Finding this treasure in that closet was a real treat for me. The quality of the writing and the book itself wasn't much to get excited about ... barely a step or two above student work. But I really did enjoy looking at those long-forgotten illustrations! And remembering the hard work and the joy that went into them. Not just something to look at, but something to remind me of my calling and this wonderful journey I was on.
Despite how I felt back then, today I realize that it was a very good thing that author and publisher turned me down. I felt like a failure when that happened, but really it was just the next learning step in my journey. I do it sometimes ... I bet you do it, too ... beat ourselves up ... thinking about how we should've done it sooner, better, faster. But God has a plan ... or does He really?
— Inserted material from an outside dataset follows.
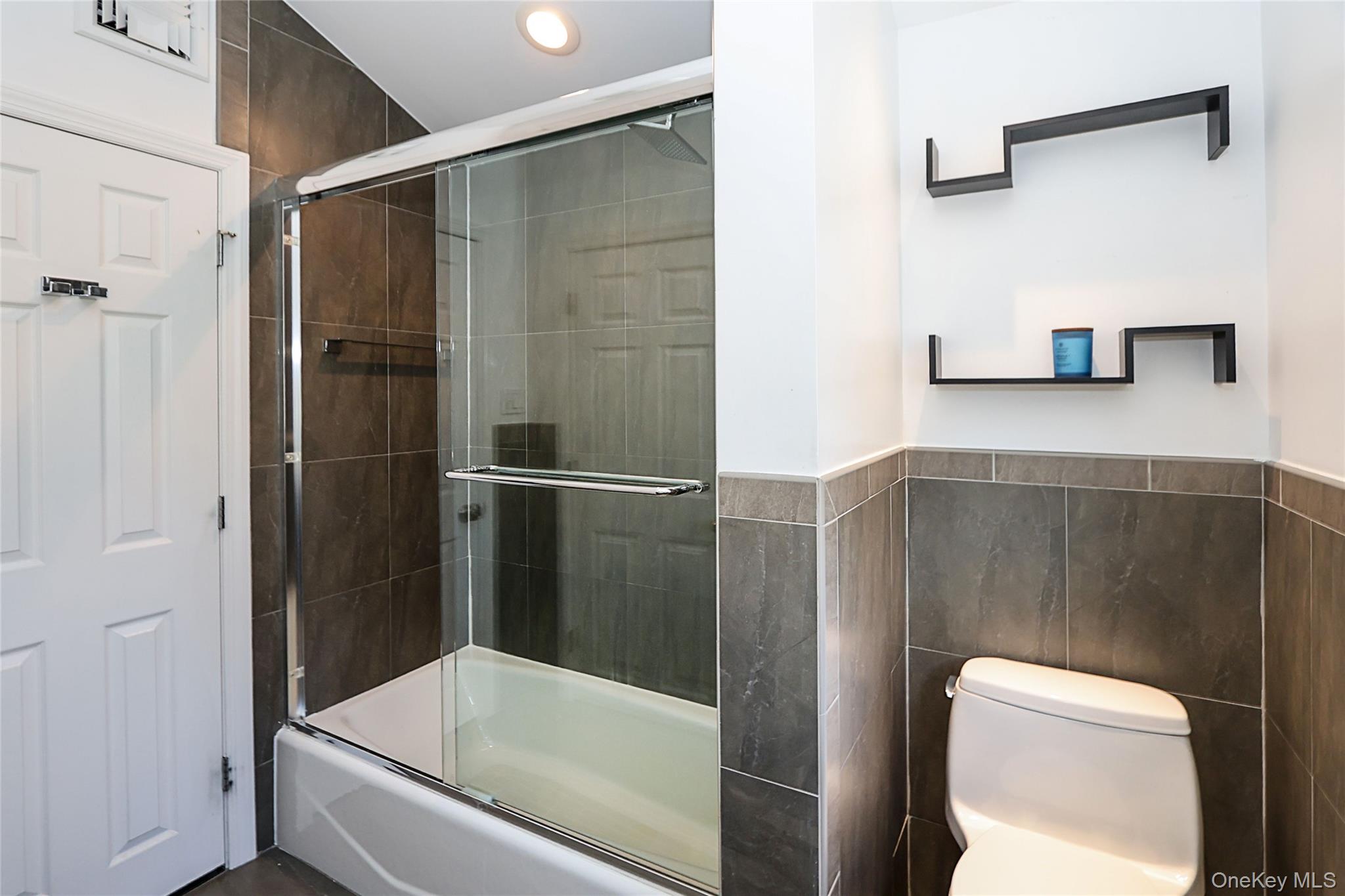 1481 North Meadow Road Merrick, NY 11566 - Photo 16 of 24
When I used to do drawings and paintings, always I would sign and date them. For the books I've done, I can look inside and see the publishing date to know when I worked on them. But for a stack of forgotten illustrations found in a closet, I really had no idea how long ago I did them. I only found the manuscript and the original illustrations ... couldn't find the computer files. I discovered the stack of illustrations in January. They were so neat, I thought that it would be a good and encouraging blog subject for other struggling authors and artists to share my experience with getting my work rejected. We all go through the process!
These blogs were written in February, and turned over to my web people in the middle of the month to be posted on the website in March. A few days before I turned the files in, I found it! The dummy book I had assembled long ago of The Fight That Rocked Zanook. Still no computer files, but here was a color, coil-bound dummy of the book all laid out with type and illustrations! It was so much fun flipping through it ... and a big surprise ... I found a date!
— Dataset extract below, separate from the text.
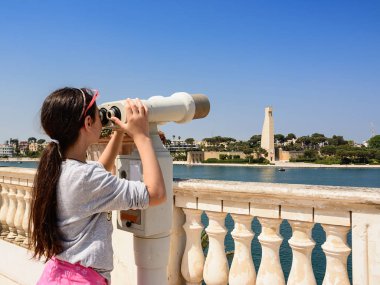 Genç Turizm Brindisi Sahil dürbünle gözlemler.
On the very last page, I have a "From the Author" statement, and at the bottom is my name with the date, March 2002!
So it was exactly eighteen years ago – to the month – that I finished my wondrous disaster!
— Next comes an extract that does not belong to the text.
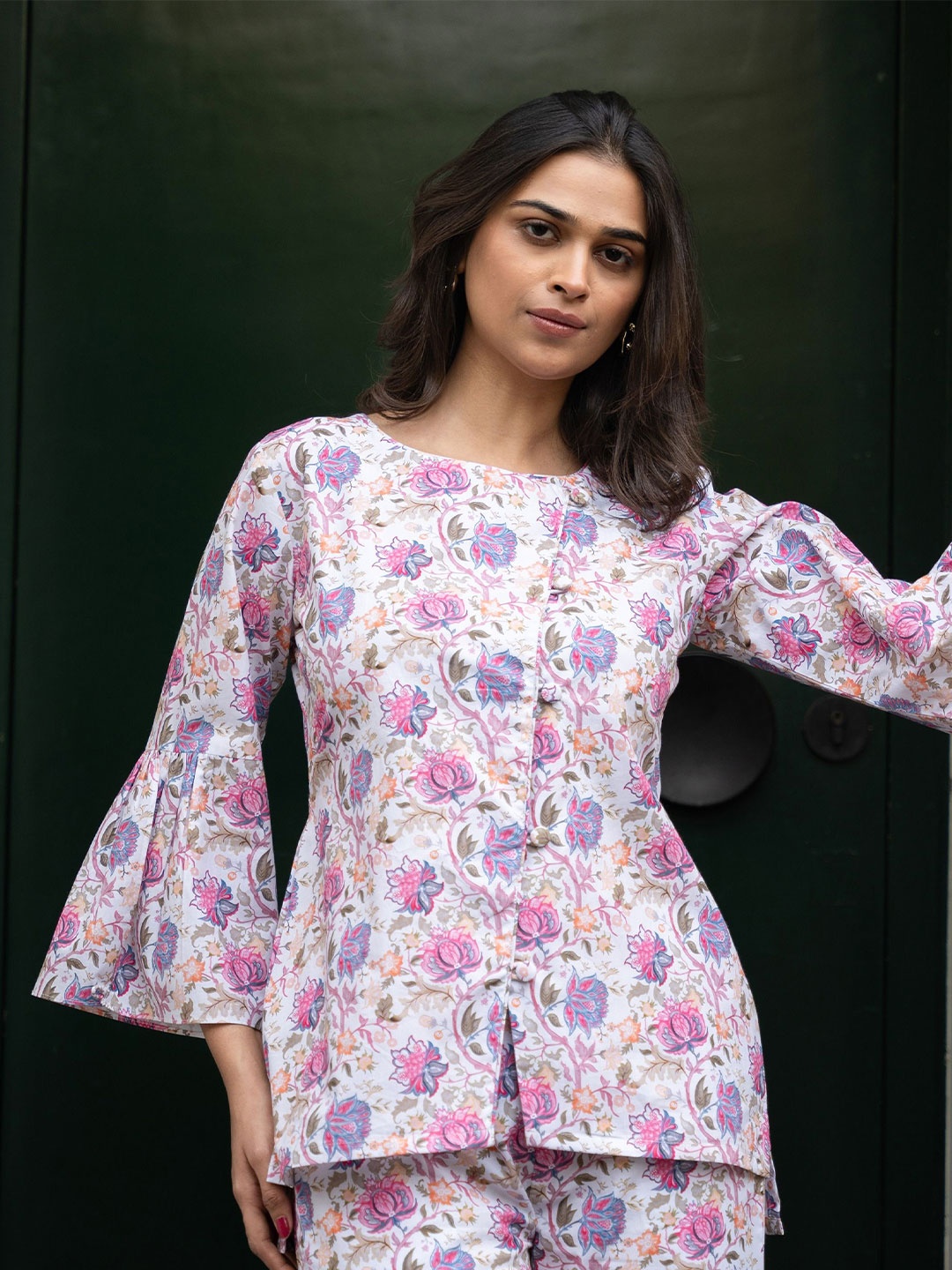 

GULABOSITABO Floral Print Bell Sleeve Pure Cotton A-Line Top, White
Is it really a coincidence that in March 2020 I'll have a blog up about my wondrous disaster from March 2002? Is that some kind of milestone? An anniversary? God just giving me a wink? Just affirming He's still got His hand on me?
All I did was clean up a closet ...
And found inspiration for subject matter for a blog ...
That I've been writing since last spring when my web people said, You need a weekly blog. ...
Which I frankly didn't want to do – and actually told them, No! at first ...
But figured I should comply, since God Himself told me to hire them ...
Because in September 2018 He was the one who decided I needed a website ...
And made a way for that to happen ...
And I thought it was just a nice distraction He gave me to soothe my pain over losing my sweet dog, Chloe, who passed away that year.
There's really no such thing as a coincidence. He's got a plan all laid out.
And every once in a while, He gives me a little nudge and says, Hey! Turn around and look at where we've been!
And I do. And amazed and encouraged, I have a little cry. I am so loved.
From the day I was sitting in my Mom's kitchen, showing her a story I wrote ... all the reading I did over the years about the publishing process ... all the forgotten projects I've worked on gathering dust in some forgotten box ... working in print shops ... pasting up galleys of type with X-acto knives and waxers ... years later learning all the new technology and moving over to computers and digital printing ... enjoying what I was doing, and yet always a little frustrated because I really just wanted to draw ... and finally, years and years later, getting to do it!
He hasn't let go!
Keep moving forward. Never despise your waiting years.